Ready for use day and night, the externally visible part shows:
we don’t make it easy for the (potential) burglar!

Some homeowners even have a dummy facade box to enjoy this deterrent effect …

Alarm types

The security levels or degrees of security of the alarm systems are called alarm types. Since these are mostly systems that are used for an alarm in the event of a break-in, they are usually referred to as intrusion alarm systems (EMA for short) or hold-up alarm systems (UMA for short). There are four security levels for EMA / UMA, these depend on the level of risk. Your specialist company can access a catalog of police duties here.

Subdivision of the 4 security levels / degrees of security:

  • Step 1:
    Not recommended as this is far below the police requirements
  • Level 2:
    EMA / UMA with a security level 2 are recommended for smaller residential properties. They have a medium sensitivity and overcoming security
  • Level 3:
    This security level has increased security against overcoming and is recommended for residential buildings and smaller commercial properties
  • Level 4:
    An EMA / UMA with security level 4 has a high degree of security against overcoming and responsiveness. The system is therefore ideally suited for monitoring people, residential buildings, commercial and public objects with a high risk potential

Alert types

Before purchasing a burglar alarm system, it is important to be clear about the different types of alarm. Of course, you will receive detailed advice from your specialist company on the subject of burglary protection. But we want to give you some information in advance.

Remote alarm
In the case of remote alarms, an external agency is asked for help, in most cases this is the police. Very often the remote alarm is also a silent alarm, so there is no perceptible signal. This does not scare off the criminal and the help center can prepare for the operation.

External alarm
The external alarm is probably the most common in the private sector. Here the alarm is usually given by optical and / or acoustic signals (acoustic alarm). The external alarm with its external signaling device serves primarily to deter the intruder and to attract attention.

Internal alarm
Another type of alarm is the internal alarm. This is primarily used for test purposes, such as a test alarm in schools or hospitals. No external agency (fire brigade) is asked for help and the alarm can be given at any time. However, the internal alarm is also often used in buildings that have their own security staff.

False alarm
The unintentional / unfounded triggering of an alarm is referred to as a false alarm.
Mainly caused by incorrectly designed or defective system components, but operating errors can also lead to false alarms.
Frequent false positives cause the EMA to “lose credibility”. In the case of an authorized report, this could also be confused with a malfunction.
Again and again, installations that often triggered false reports are no longer used and thus lead to a loss of investment.
In addition, a false positive can generate significant, unnecessary costs.

Monitoring types

Before installing an EMA / UMA, the question arises: What should be monitored? Whether private or commercial surveillance, the alarm system usually has several components.
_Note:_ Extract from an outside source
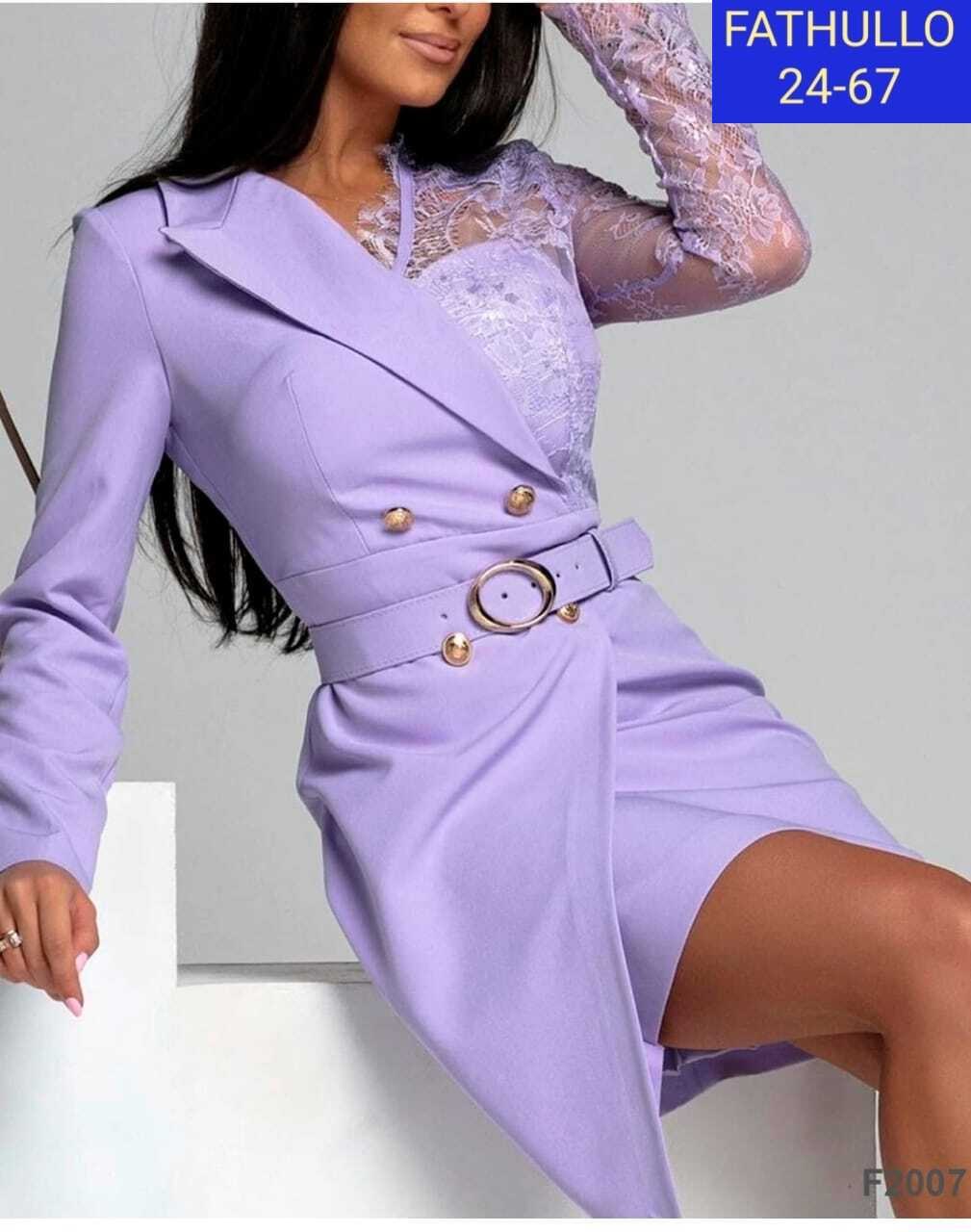 платье пиджак лавандового цвета,женское платье пиджак,платье женской,платье пиджак сиреневый, платье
A distinction is made between outer skin monitoring and trap monitoring, whereby in the private sector often only the first variant occurs. A combination usually makes sense in the commercial sector.

Outer skin monitoring
The focus here is on those points that can be influenced from outside. These are, for example, windows and doors. The monitoring takes place in such a way that the alarm is triggered as soon as an opening or even a breakthrough takes place. A corresponding plant system works here with contacts that are attached to the critical points. One advantage of the outer shell monitoring is the alerting before the perpetrator enters the property or property. Second, the EMA can remain switched on when they are on site. For these reasons, this type of monitoring is very often used in residential buildings.

Trap surveillance
This means the monitoring of the interior. Depending on the property, use and environment, various sensors or motion detectors are attached to strategically important points. The alarm is triggered if the perpetrator is already in the surveillance area of ​​the EMA. You should keep in mind that a pure outer skin monitoring is usually associated with higher costs than a combination of both types.

Monitoring types

Determining the location is very important when it comes to the type of motion detector. A distinction is generally made between three types of working method:

Ultrasound monitoring
Sound waves are constantly emitted by the transmitter. During the reflection, the recipient is informed whether there is a change (target / actual comparison). This immediately indicates when objects – such as people or animals – are in the monitored area. In the case of a motion detector with ultrasound, it is essential to ensure that it is not installed above radiators, near sound sources or air currents. Since the carrier medium for sound waves is air, false alarms can otherwise quickly occur.

Infrared (IR) monitoring
The IR sensor detects heat sources and reports temperature differences in the environment. A change always occurs here when an object enters the monitored area. A person who moves has changing thermal radiation. This irregularity triggers the alarm. In the case of motion detectors, the passive infrared detector (PIR detector) is the most common. Pay attention to the twilight switch, which can either be built into the PIR detector or is available individually. It is used to monitor the brightness value and is mostly used outdoors, e.g. to control a light source in the dark.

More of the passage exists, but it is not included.